D Pty Ltd And Ors and Sadler And Ors (Costs)

Case

[2016] FamCAFC 273

23 December 2016


FAMILY COURT OF AUSTRALIA

D PTY LTD AND ORS & SADLER AND ORS (COSTS) [2016] FamCAFC 273

FAMILY LAW – APPEAL – COSTS – Where the appellant companies seek their costs of the appeal – Financial circumstances of the parties – Conduct of the parties to the proceedings – Whether the first respondent wife was wholly unsuccessful – Where the appellants rely on offers of settlement made to the wife – Where one purported offer of settlement cannot properly be regarded as such – Application for costs dismissed – Where it would not be appropriate to issue certificates under the Federal Proceedings (Costs) Act 1981 (Cth) to either party.

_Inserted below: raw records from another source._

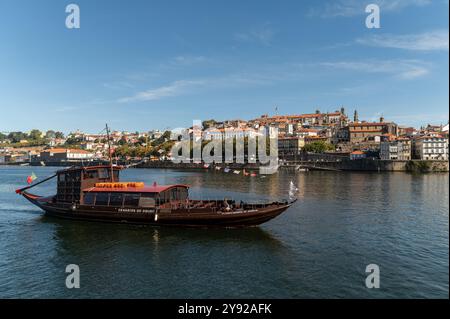 Porto, Portugal - 12. September 2024 : Ein traditionelles Boot gleitet entlang des Flusses und zeigt die Schönheit der Architektur von Porto. Stockfoto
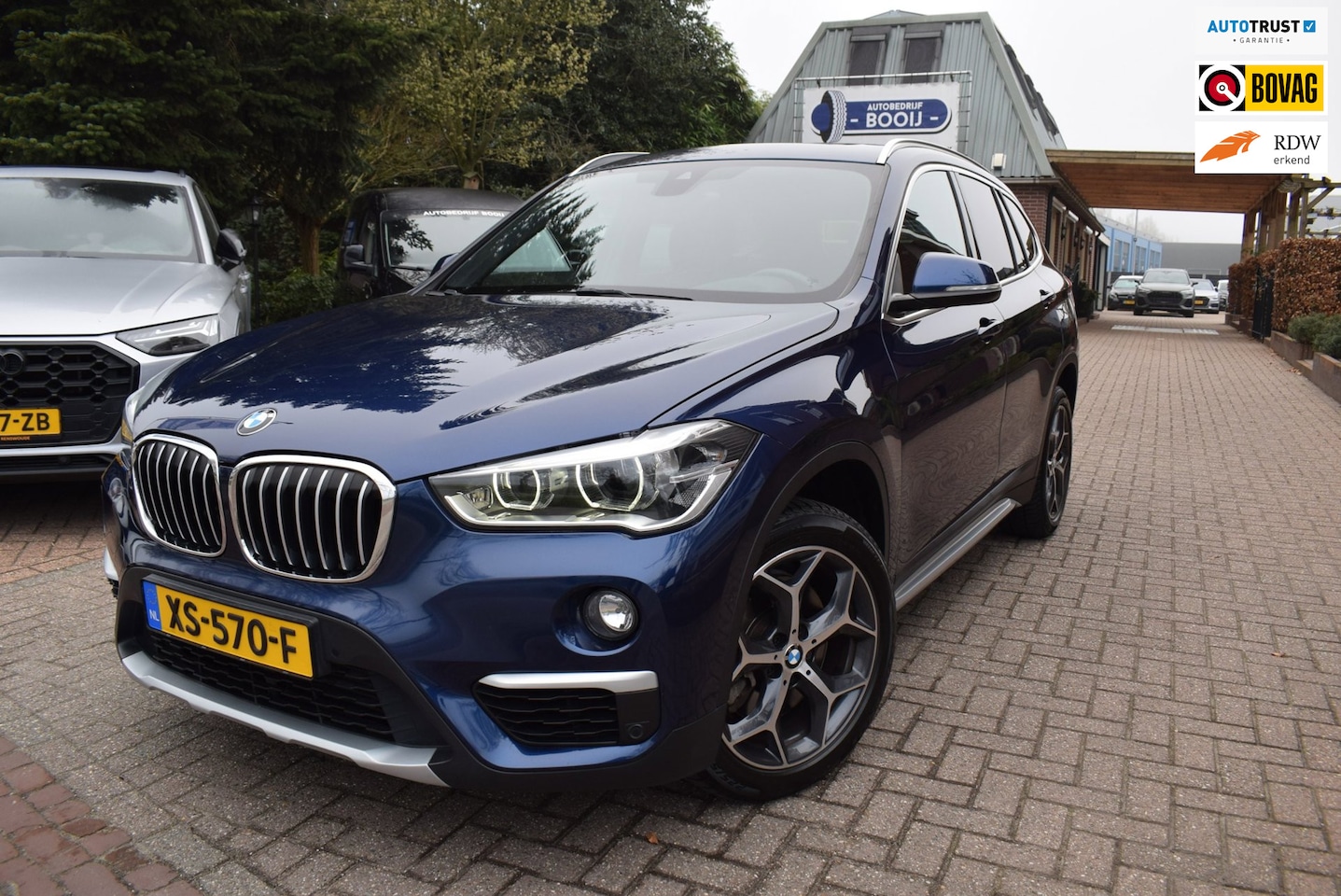 BMW X1 - SDrive20i Orange Edition III AUTOMAAT/PANO DAK/CRUISE/NAVI/TREKH/NL-AUTO/HEAD-UP/STOEL VER - AutoWereld.nl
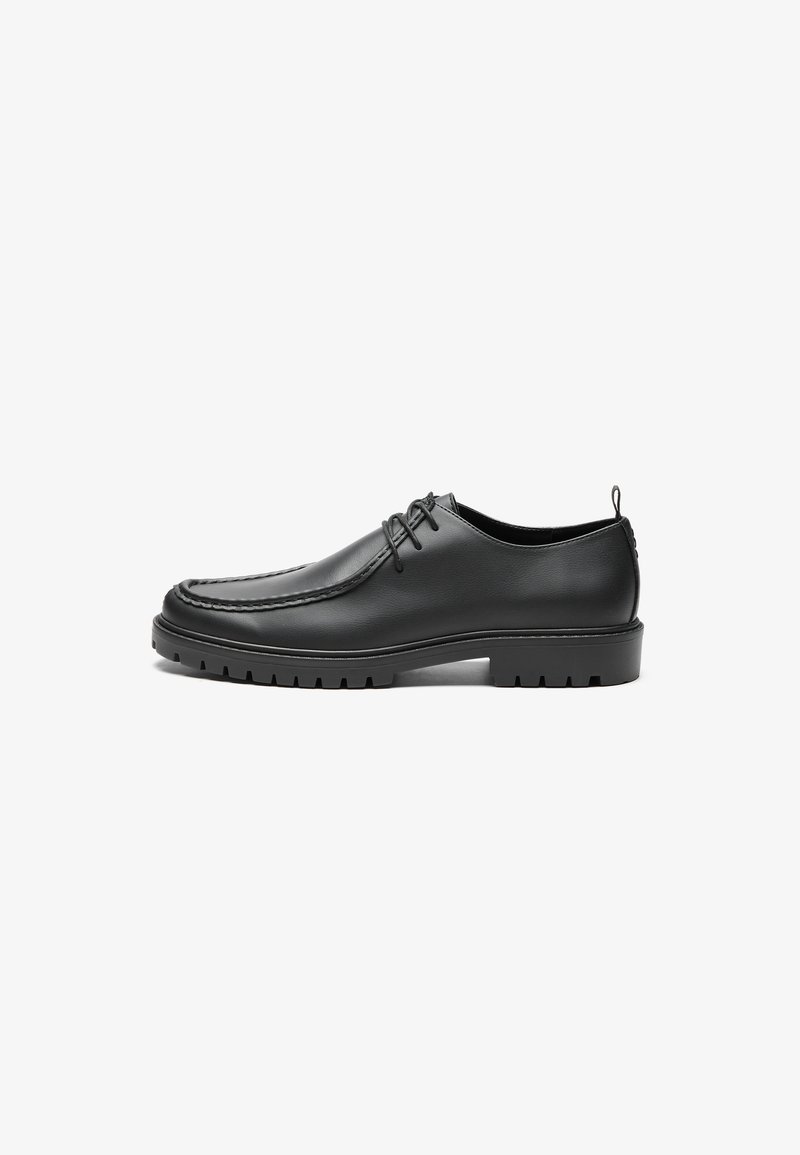Scarpe in pelle nera con finitura liscia, punta tondeggiante e cuciture decorative. Presentano una suola in gomma con scanalature per la trazione e un design con lacci.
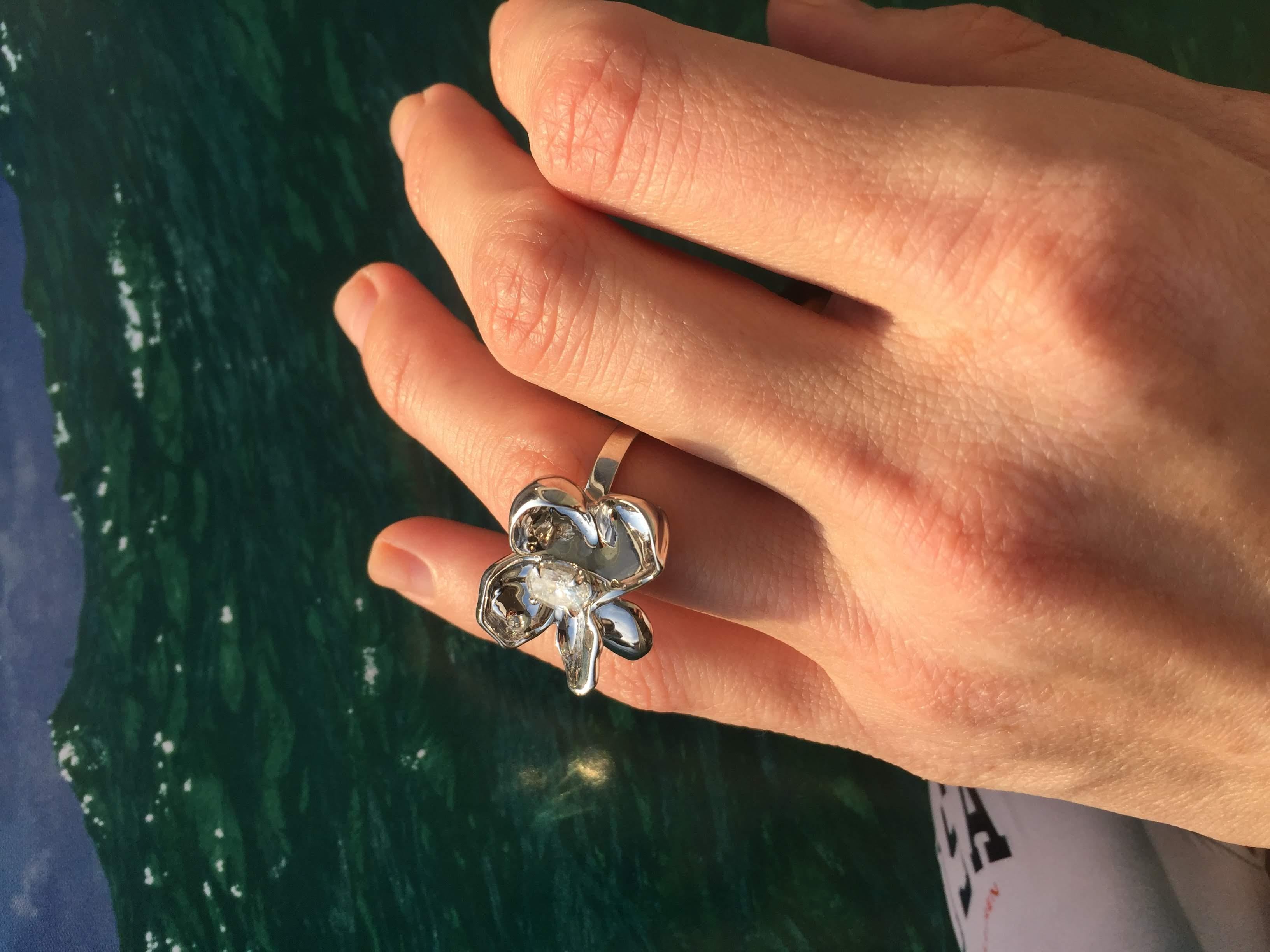 Women's Eighteen Karat White Gold Engagement Ring with Emerald Cut Diamond For Sale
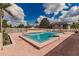 Community pool with brick deck and lush landscaping at 3507 59Th W Ave # 4020, Bradenton, FL 34210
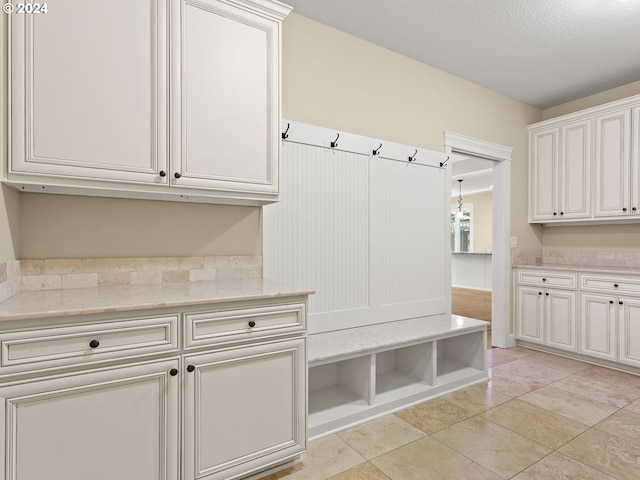 mudroom with light tile patterned floors and a textured ceiling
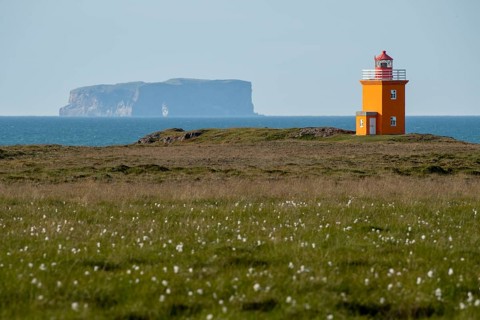 Lighthouse Hegranesviti, Hegranes, peninsula Landsendi, in the background island Drangey, near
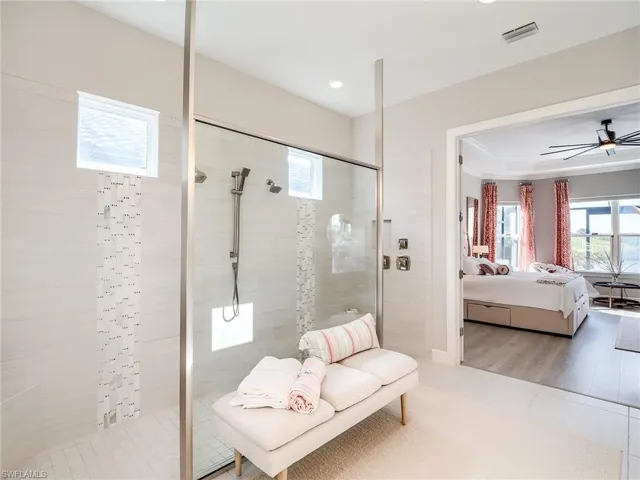 Bathroom with a tile shower, hardwood / wood-style floors, and a healthy amount of sunlight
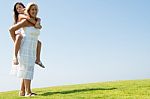 mom Giving Piggyback Ride Stock Photo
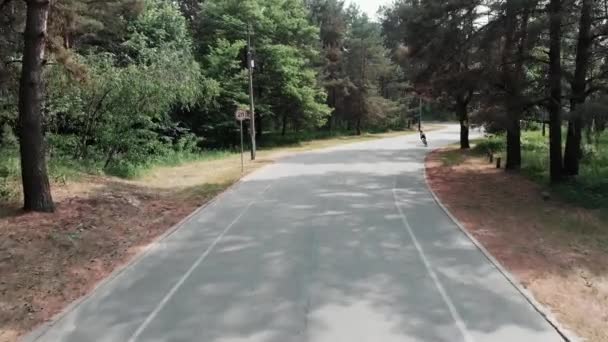 Die junge sportliche Triathletin beginnt, mit dem Fahrrad auf einem Radweg zu fahren. Drohnenblick von vorn — Stockvideo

Family Law Act 1975 (Cth) ss 79, 117
Federal Proceedings (Costs) Act 1981 (Cth)

D Pty Ltd and Ors & Sadler and Ors [2016] FamCAFC 187
Masters v Cameron (1954) 91 CLR 353
Parke & The Estate of the Late A Parke [2016] FamCAFC 248
Sadler & Sadler and Ors [2016] FamCA 604
Strahan & Strahan (Appeal Costs) [2009] FamCAFC 225
Tomaniego & Tomaniego (Costs) [2011] FamCAFC 30

1ST APPELLANT: D Pty Ltd as Trustee of the D Unit Trust
2ND APPELLANT: C Pty Ltd
3RDAPPELLANT: E Pty Ltd as Trustee of the E Unit Trust
4TH APPELLANT: F Pty Ltd
5TH APPELLANT: G Pty Ltd as Trustee for G Investments Unit Trust
1ST RESPONDENT: Ms Sadler
2ND RESPONDENT: Mr Sadler
3RD RESPONDENT: B Pty Ltd
4TH RESPONDENT: Mr Miller
5TH RESPONDENT: Mr AA as Trustee of the Bankrupt Estate of Mr Sadler
6TH RESPONDENTS: Mr Fuller and Mr Martini as Receivers & Managers Appointed
FILE NUMBER: NCC 1976 of 2012
APPEAL NUMBER: EA 124 of 2016
DATE DELIVERED: 23 December 2016
PLACE DELIVERED: Sydney
PLACE HEARD: Sydney
JUDGMENT OF: Ryan, Aldridge & Hannam JJ
HEARING DATE: By way of written submissions: appellants’ submissions filed 12 October 2016; first respondent’s submissions filed 8 November 2016
LOWER COURT JURISDICTION: Family Court of Australia
LOWER COURT JUDGMENT DATE: 21 July 2016
LOWER COURT MNC: [2016] FamCA 604

REPRESENTATION

COUNSEL FOR THE APPELLANTS: Mr M. Pesman SC
SOLICITOR FOR THE APPELLANTS: Beazley Boorman Lawyers
COUNSEL FOR THE 1ST RESPONDENT: Mr J. Siggins
SOLICITOR FOR THE 1ST RESPONDENT: XX Lawyers
COUNSEL FOR THE 2ND RESPONDENT: Ms M. Kennedy
SOLICITOR FOR THE 2ND RESPONDENT: Arnold Lawyers
COUNSEL FOR THE 3RD RESPONDENT: Mr J. Siggins
SOLICITOR FOR THE 3RD RESPONDENT: XX Lawyers
COUNSEL FOR THE 4TH RESPONDENT: Mr B. Bradley
SOLICITOR FOR THE 4TH RESPONDENT: Shotters Lawyers
SOLICITOR FOR THE 5TH RESPONDENT: Hicksons Lawyers
COUNSEL FOR THE 6TH RESPONDENTS: Mr S. Golledge
SOLICITOR FOR THE 6TH RESPONDENTS: Matthews Folbigg Pty Ltd

Orders

  1. The appellants’ application that the first respondent wife pay their costs of the appeal be dismissed.  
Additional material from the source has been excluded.